> [Exercise]:
Reproduce all of the data below without alteration; exclude every picture.

Start of Block

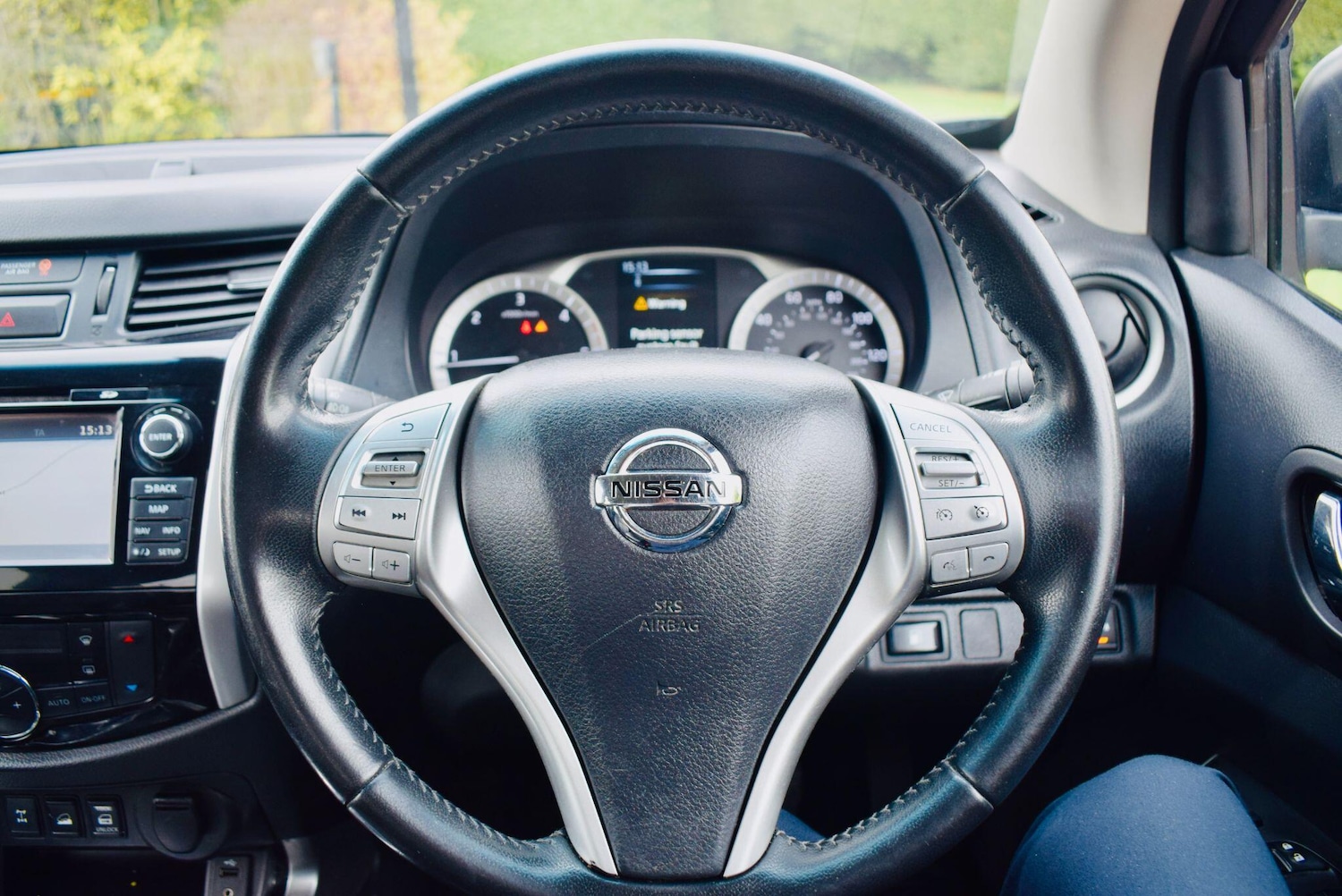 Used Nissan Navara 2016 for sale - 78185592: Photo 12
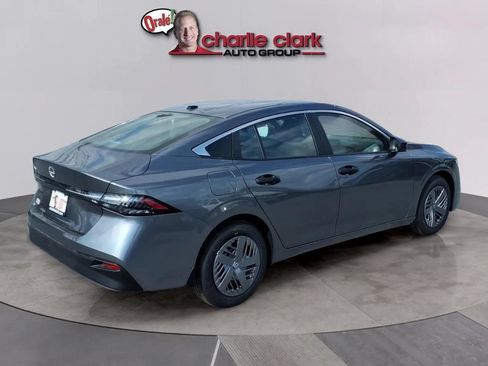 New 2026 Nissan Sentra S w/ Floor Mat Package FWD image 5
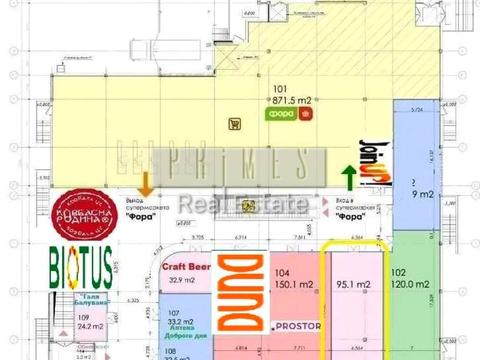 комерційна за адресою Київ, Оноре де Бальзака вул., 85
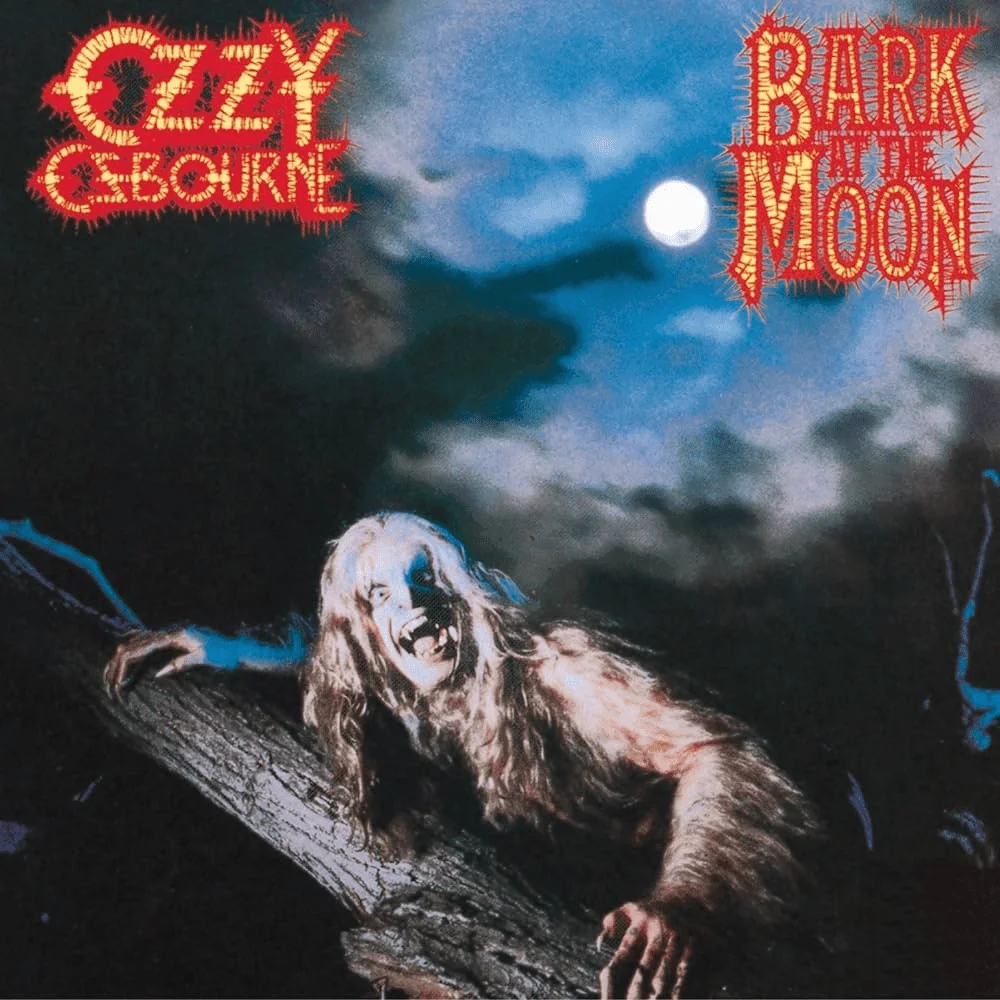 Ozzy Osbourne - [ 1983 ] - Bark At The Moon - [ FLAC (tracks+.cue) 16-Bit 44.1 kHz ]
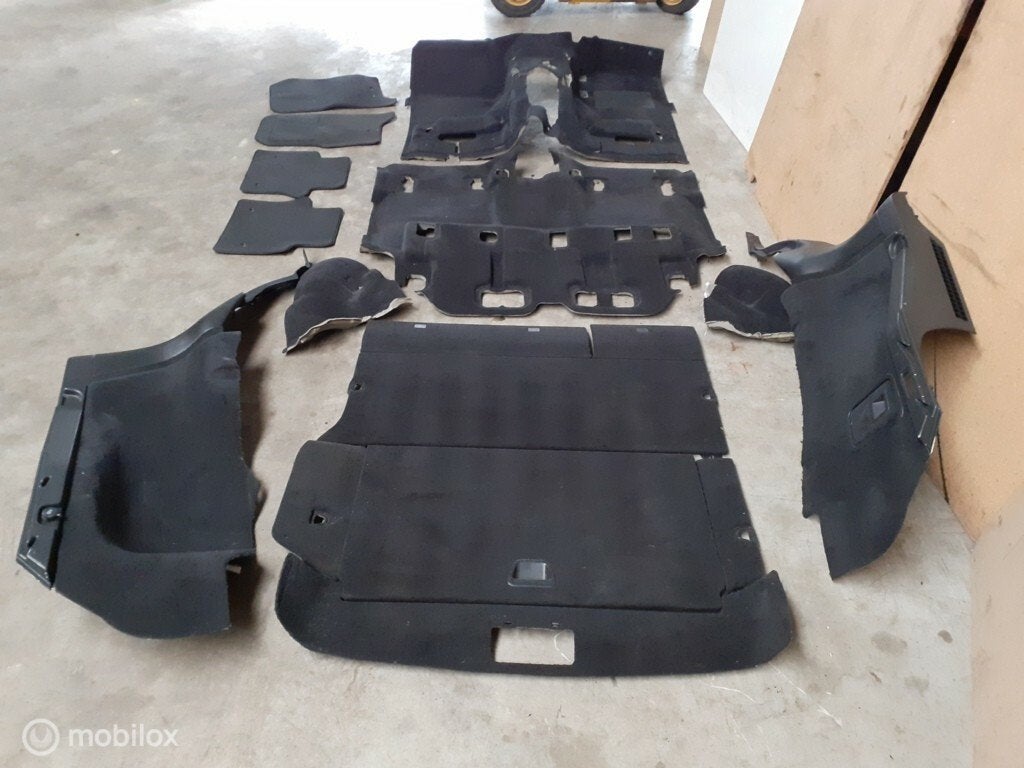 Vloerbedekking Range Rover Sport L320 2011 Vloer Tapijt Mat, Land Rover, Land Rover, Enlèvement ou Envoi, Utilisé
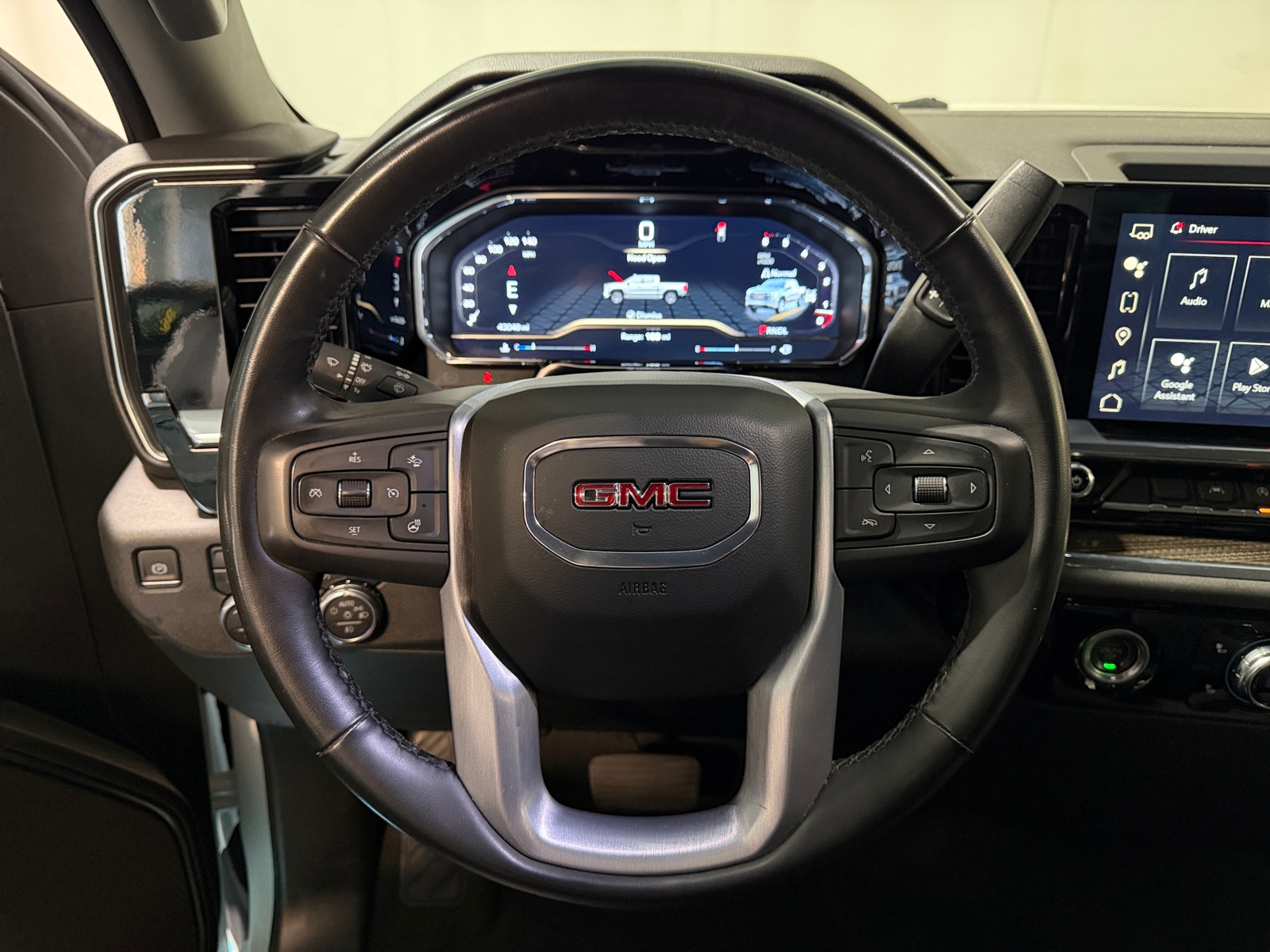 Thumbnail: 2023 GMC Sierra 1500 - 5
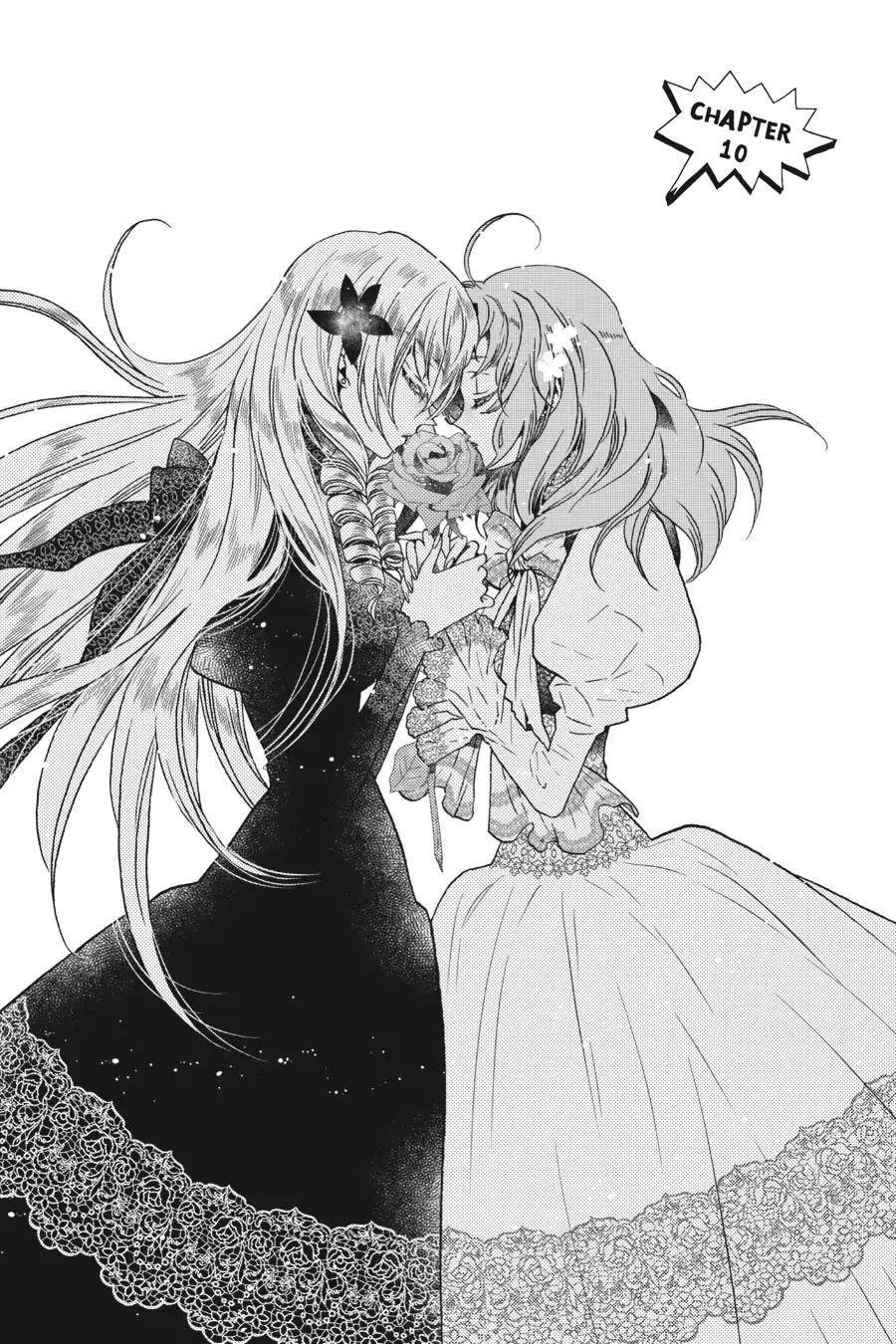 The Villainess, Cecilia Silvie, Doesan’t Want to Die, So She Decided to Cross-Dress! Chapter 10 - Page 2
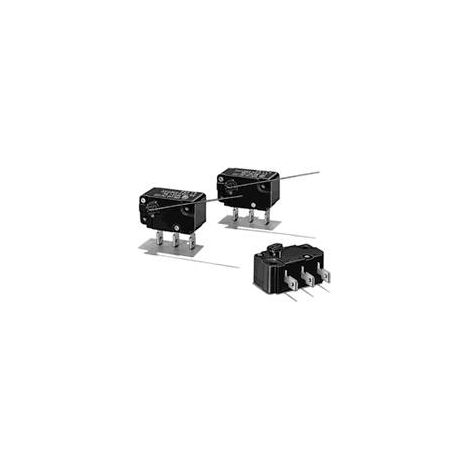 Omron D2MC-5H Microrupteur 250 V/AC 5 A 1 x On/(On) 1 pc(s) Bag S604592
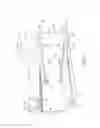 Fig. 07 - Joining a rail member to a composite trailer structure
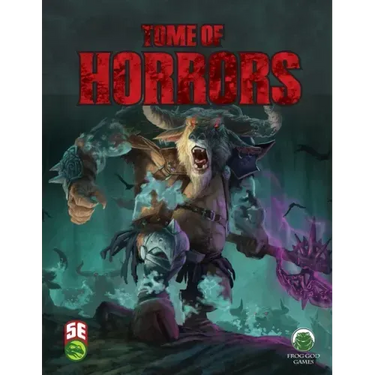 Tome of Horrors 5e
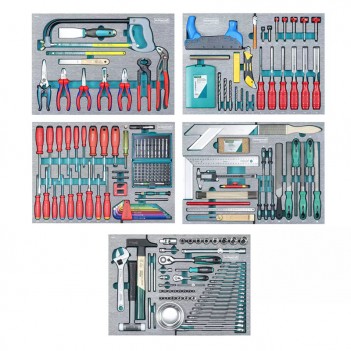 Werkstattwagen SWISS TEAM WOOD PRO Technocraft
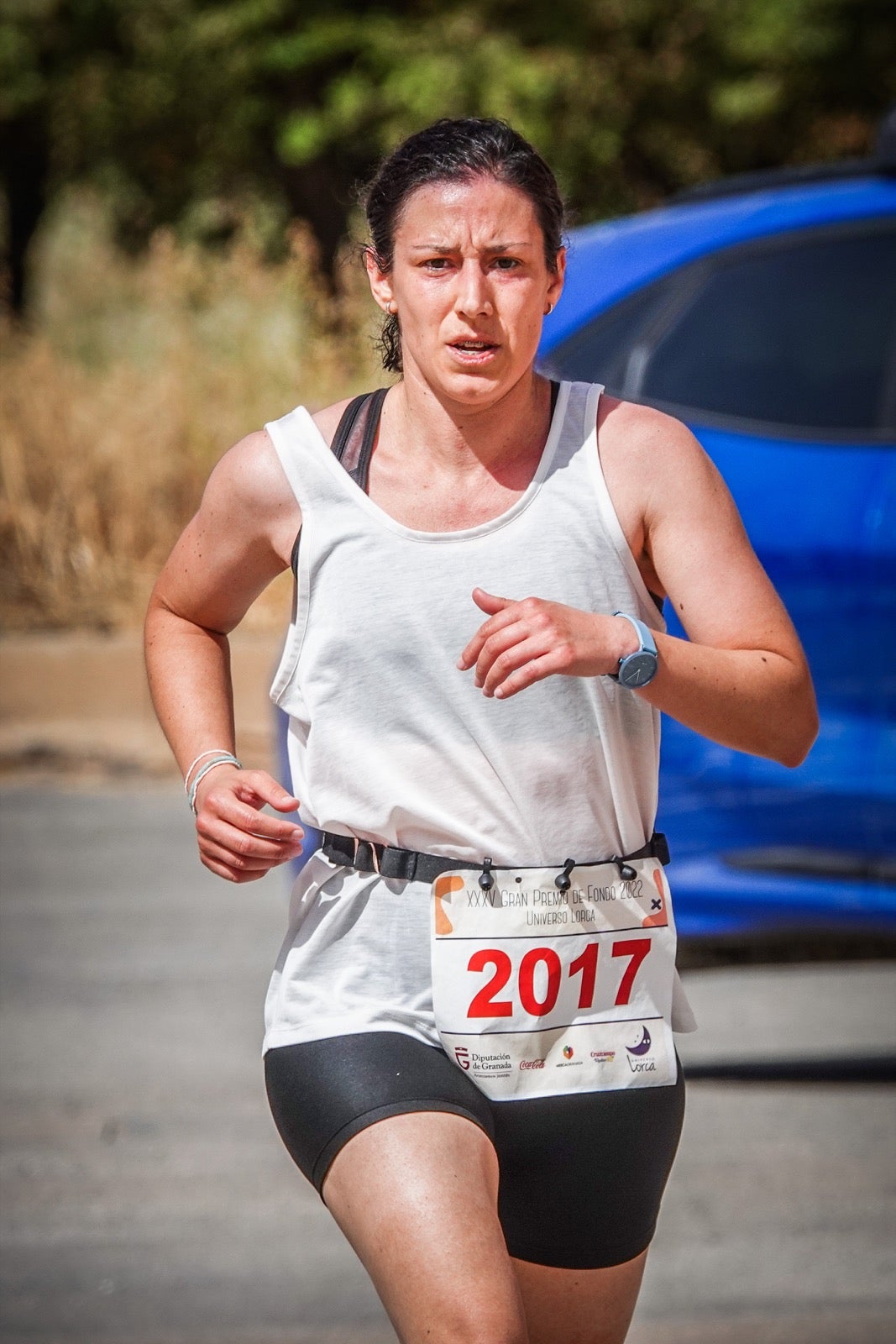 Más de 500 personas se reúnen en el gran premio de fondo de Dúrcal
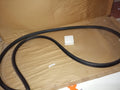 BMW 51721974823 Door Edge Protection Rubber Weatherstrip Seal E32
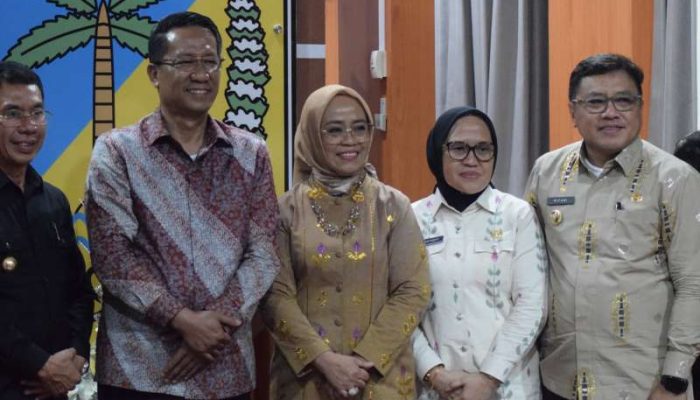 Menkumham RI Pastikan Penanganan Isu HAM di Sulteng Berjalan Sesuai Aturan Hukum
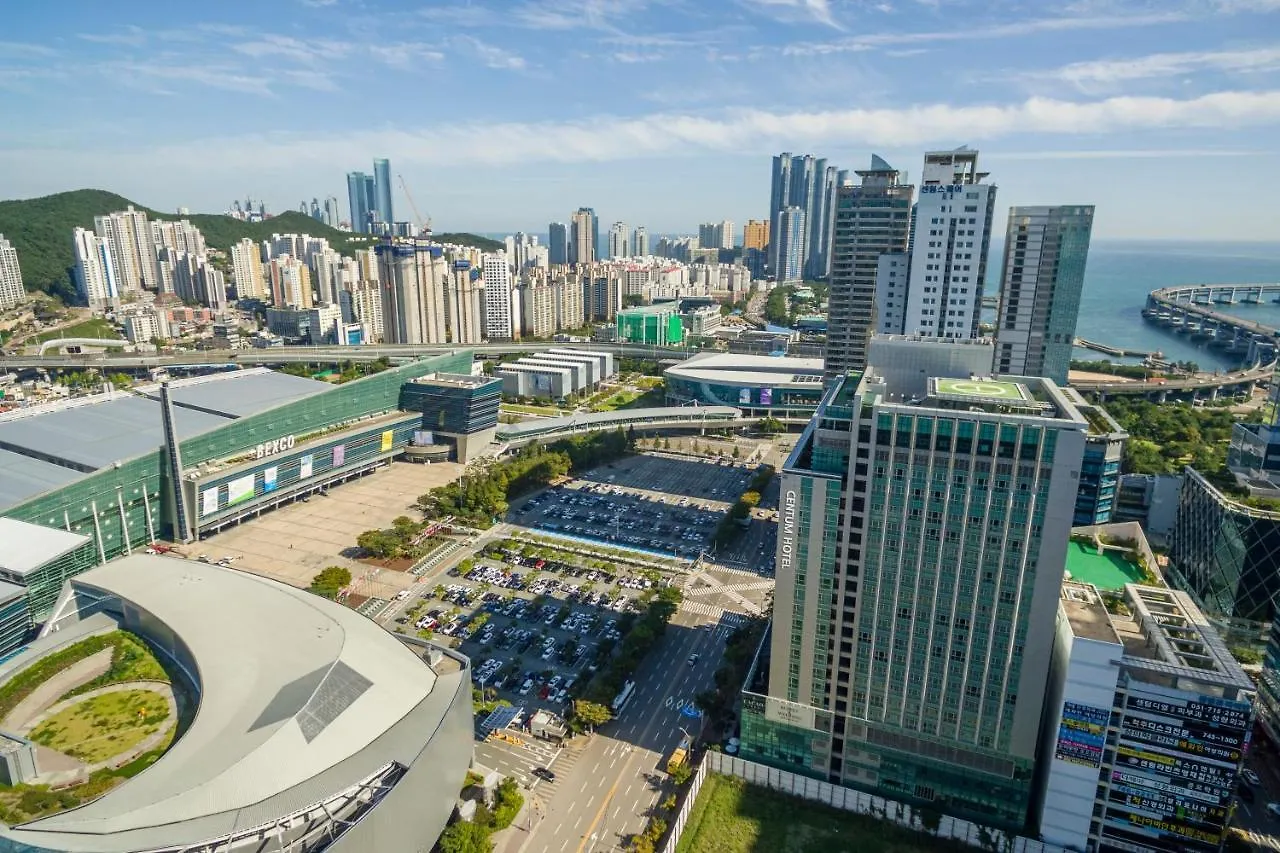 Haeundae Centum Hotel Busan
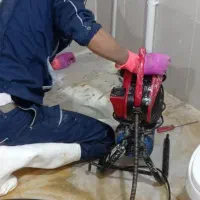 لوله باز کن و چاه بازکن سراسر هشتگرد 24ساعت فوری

End of Block

> [Reply to the exercise]:
 Used Nissan Navara 2016 for sale - 78185592: Photo 12
 New 2026 Nissan Sentra S w/ Floor Mat Package FWD image 5
 комерційна за адресою Київ, Оноре де Бальзака вул., 85
 Ozzy Osbourne - [ 1983 ] - Bark At The Moon - [ FLAC (tracks+.cue) 16-Bit 44.1 kHz ]
 Vloerbedekking Range Rover Sport L320 2011 Vloer Tapijt Mat, Land Rover, Land Rover, Enlèvement ou Envoi, Utilisé
 Thumbnail: 2023 GMC Sierra 1500 - 5
 The Villainess, Cecilia Silvie, Doesan’t Want to Die, So She Decided to Cross-Dress! Chapter 10 - Page 2
 Omron D2MC-5H Microrupteur 250 V/AC 5 A 1 x On/(On) 1 pc(s) Bag S604592
 Fig. 07 - Joining a rail member to a composite trailer structure
 Tome of Horrors 5e
 Werkstattwagen SWISS TEAM WOOD PRO Technocraft
 Más de 500 personas se reúnen en el gran premio de fondo de Dúrcal
 BMW 51721974823 Door Edge Protection Rubber Weatherstrip Seal E32
 Menkumham RI Pastikan Penanganan Isu HAM di Sulteng Berjalan Sesuai Aturan Hukum
 Haeundae Centum Hotel Busan
 لوله باز کن و چاه بازکن سراسر هشتگرد 24ساعت فوری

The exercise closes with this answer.